== Directions for this task ==
Leave out the pictures and output the data verbatim.
Segment Start: Data for the task
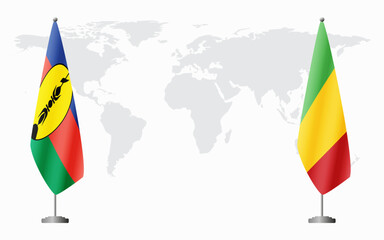 New Caledonia and Mali flags for official meeting against background of world map.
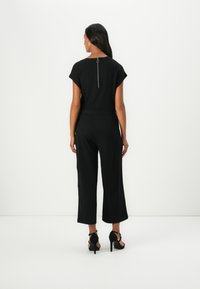 Svart jumpsuit med korte ermer, glidelås bak, vide cropped ben og en teksturert stoff. Brukt med svarte høyhælte sko.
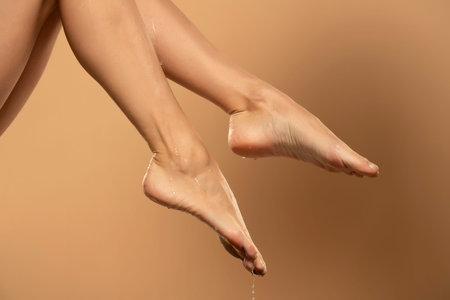 Close up of a female wet legs and feet with water gliding over them  on a beige background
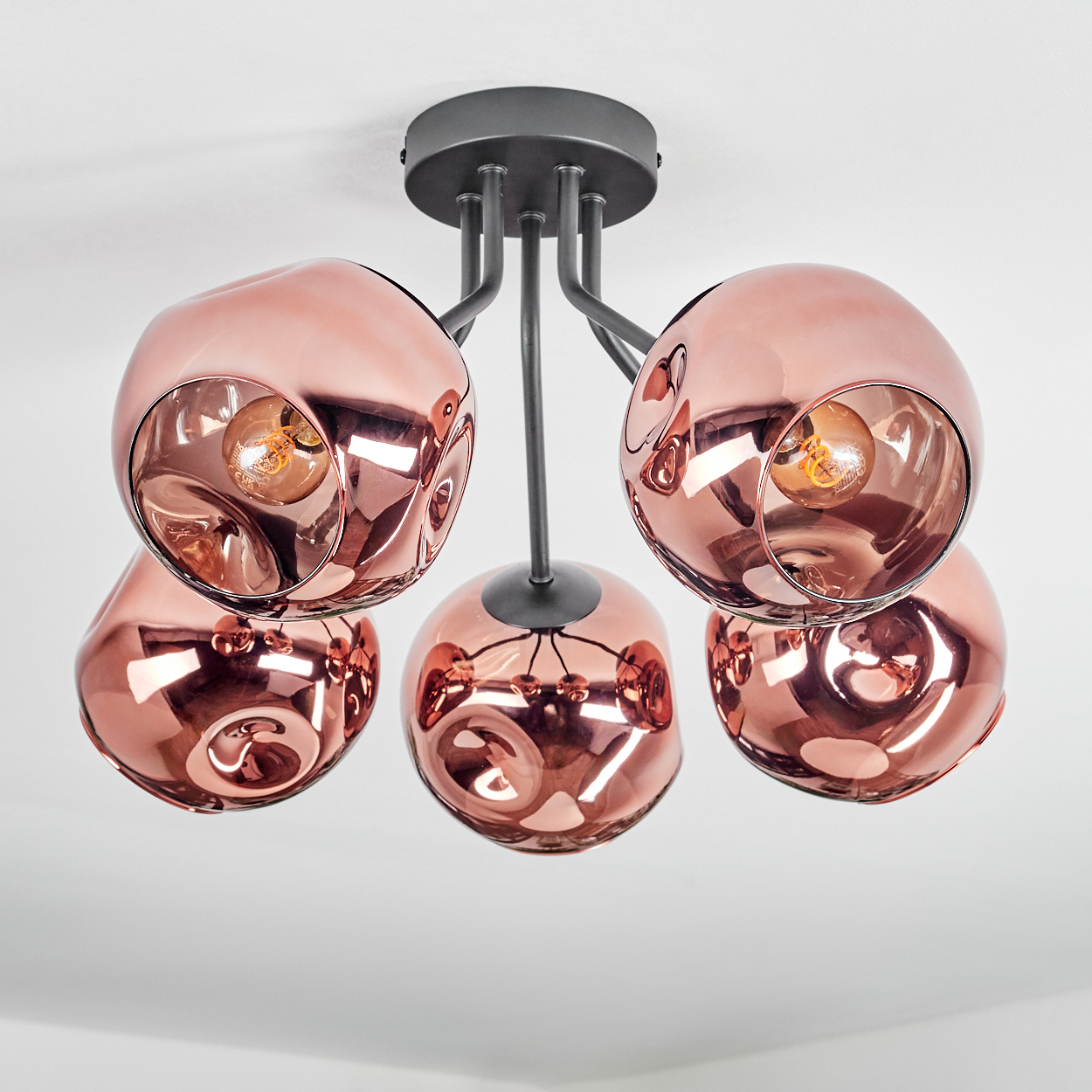 Eine moderne Deckenlampe mit fünf kupferfarbenen, kugelförmigen Schirmen, die jeweils eine Glühbirne enthalten, vor einer weißen Decke.
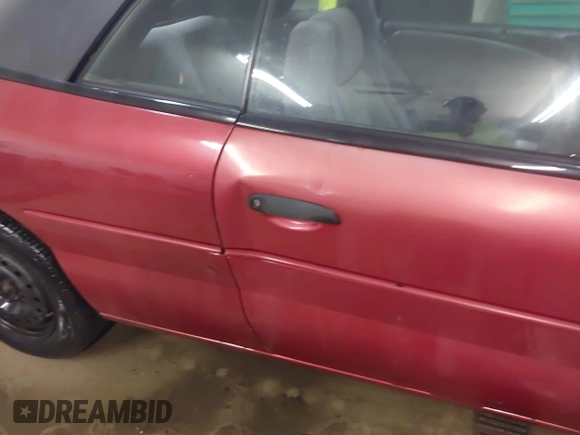 1996 Chrysler Sebring with VIN 3C3EL45X6TT278343, listed as a IAAI auction lot 41743385 with 140,200 mi miles and . Bid and sale history available at DreamBid. Image 6.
Segment End: Data for the task
== Task output ==
 New Caledonia and Mali flags for official meeting against background of world map.
 Svart jumpsuit med korte ermer, glidelås bak, vide cropped ben og en teksturert stoff. Brukt med svarte høyhælte sko.
 Close up of a female wet legs and feet with water gliding over them  on a beige background
 Eine moderne Deckenlampe mit fünf kupferfarbenen, kugelförmigen Schirmen, die jeweils eine Glühbirne enthalten, vor einer weißen Decke.
 1996 Chrysler Sebring with VIN 3C3EL45X6TT278343, listed as a IAAI auction lot 41743385 with 140,200 mi miles and . Bid and sale history available at DreamBid. Image 6.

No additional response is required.